SUPPLIED RECORDS –
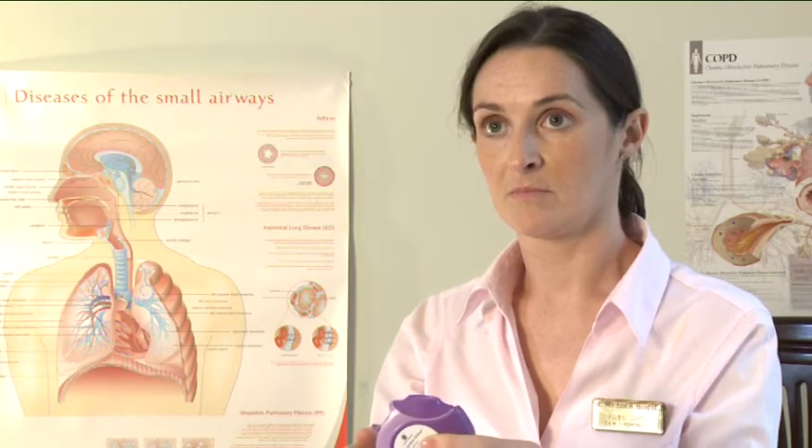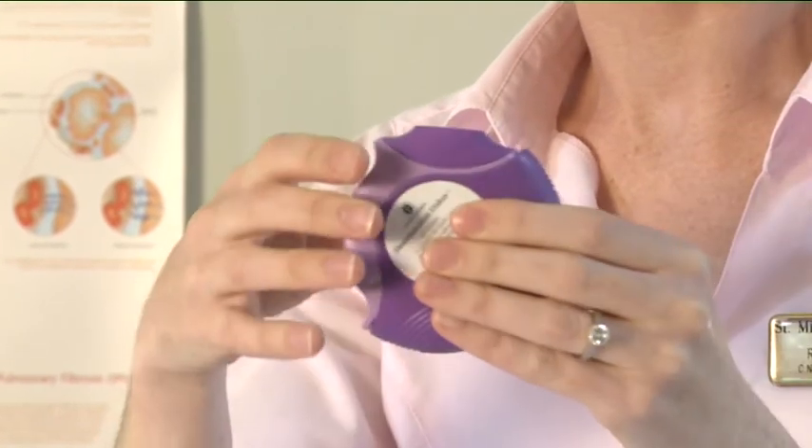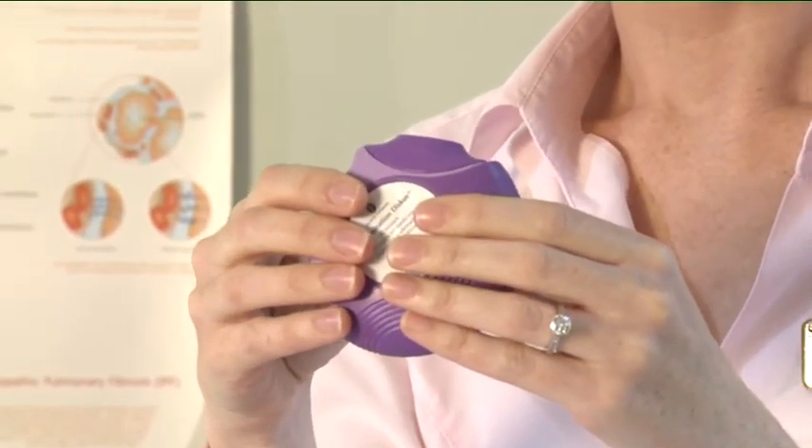Hold your discus with the mouthpiece towards you. You can hold it in either your right or left hand. Slide the lever away from you as far as it will go. You will hear a click. This places the dose of your medication in the mouthpiece.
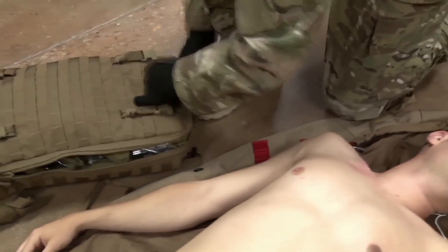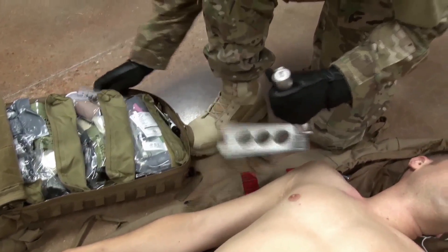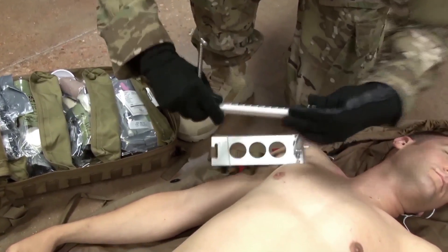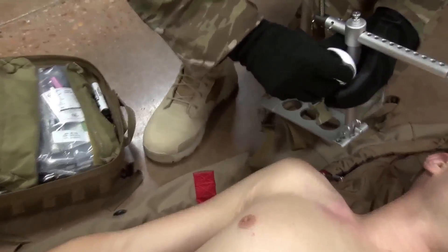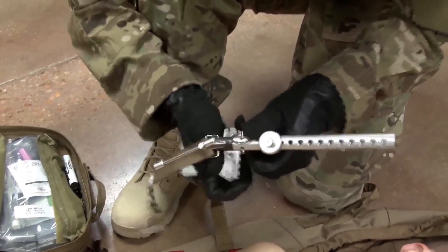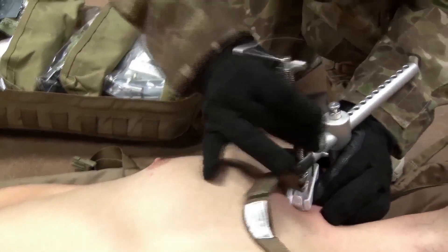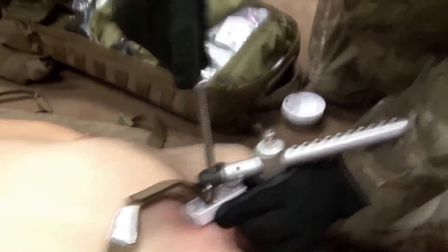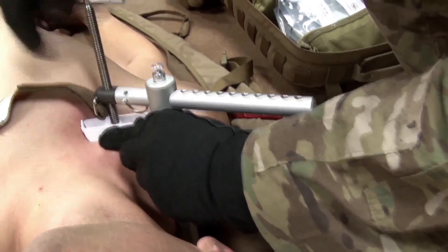To apply the Croc to the axilla area over the shoulder, locate the deltopectoral groove on the injured side. Press one of the release tabs to remove the large disc head to reveal the square pressure disc. Position the base plate under the patient beneath the scapula. Ensure the vertical arm is in contact with the patient on the wounded side in close proximity to the wound location. Ensure the pressure disc parallels the clavicle at the proper angle.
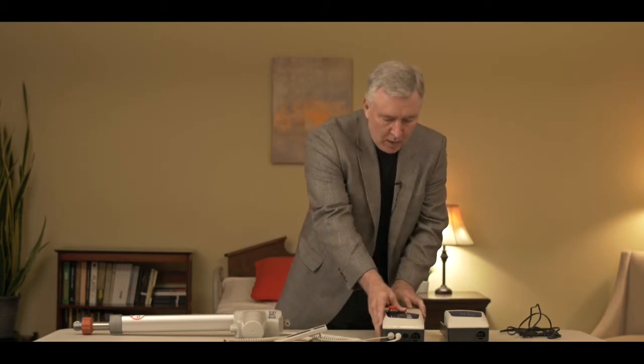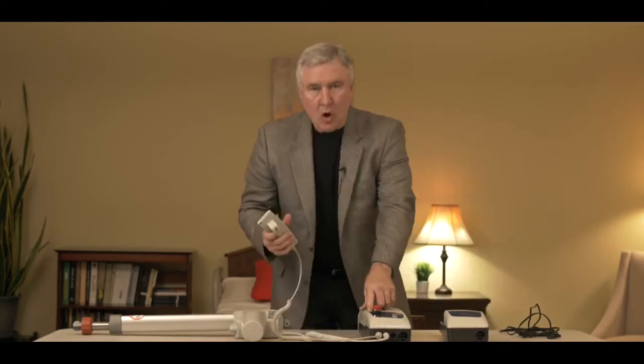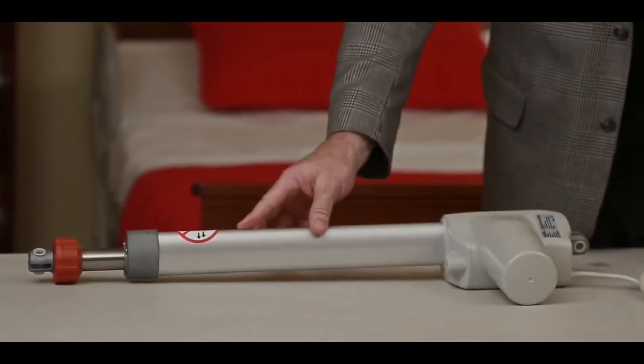So we talked about Style 2 before. You remember that it has a control box — looks like this. If everything was hooked up and functioning properly on your lift, we'd hit the up button, motor would go up, down button, and motor would go down. So let's break down each of these individual components and talk about some of the ways to troubleshoot them.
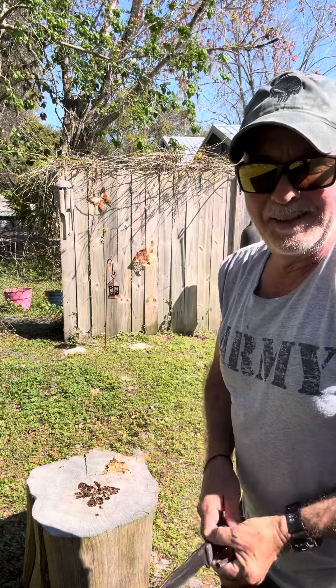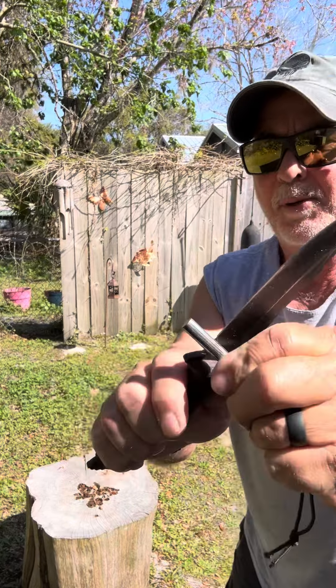That's that saw grunt fat wood. Yeah, that works right there.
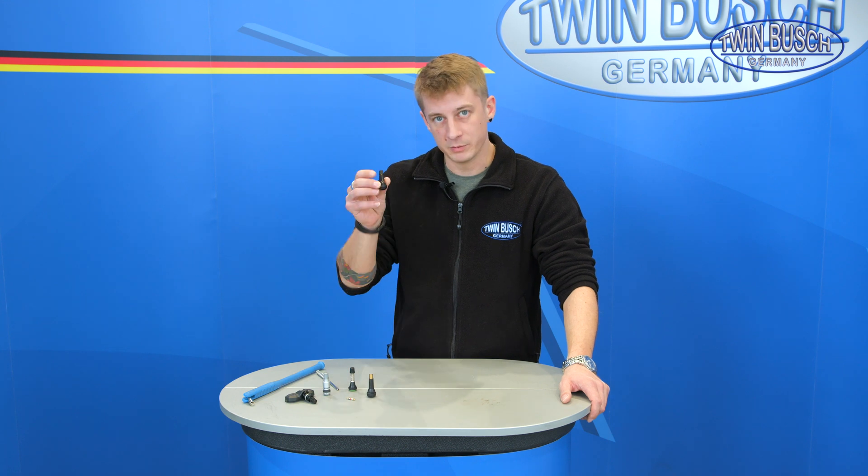Welcome to a new episode of the TWIN BUSCH e-learning series. My name is Leander. I'm one of the TWIN BUSCH engineers in Benzheim. Today we'll focus on the subject of valves.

TASK GOAL –
Once the pictures are set aside, give the listing again word for word.

OUTPUT FOR THIS TASK –
Hold your discus with the mouthpiece towards you. You can hold it in either your right or left hand. Slide the lever away from you as far as it will go. You will hear a click. This places the dose of your medication in the mouthpiece.
To apply the Croc to the axilla area over the shoulder, locate the deltopectoral groove on the injured side. Press one of the release tabs to remove the large disc head to reveal the square pressure disc. Position the base plate under the patient beneath the scapula. Ensure the vertical arm is in contact with the patient on the wounded side in close proximity to the wound location. Ensure the pressure disc parallels the clavicle at the proper angle.
So we talked about Style 2 before. You remember that it has a control box — looks like this. If everything was hooked up and functioning properly on your lift, we'd hit the up button, motor would go up, down button, and motor would go down. So let's break down each of these individual components and talk about some of the ways to troubleshoot them.
That's that saw grunt fat wood. Yeah, that works right there.
Welcome to a new episode of the TWIN BUSCH e-learning series. My name is Leander. I'm one of the TWIN BUSCH engineers in Benzheim. Today we'll focus on the subject of valves.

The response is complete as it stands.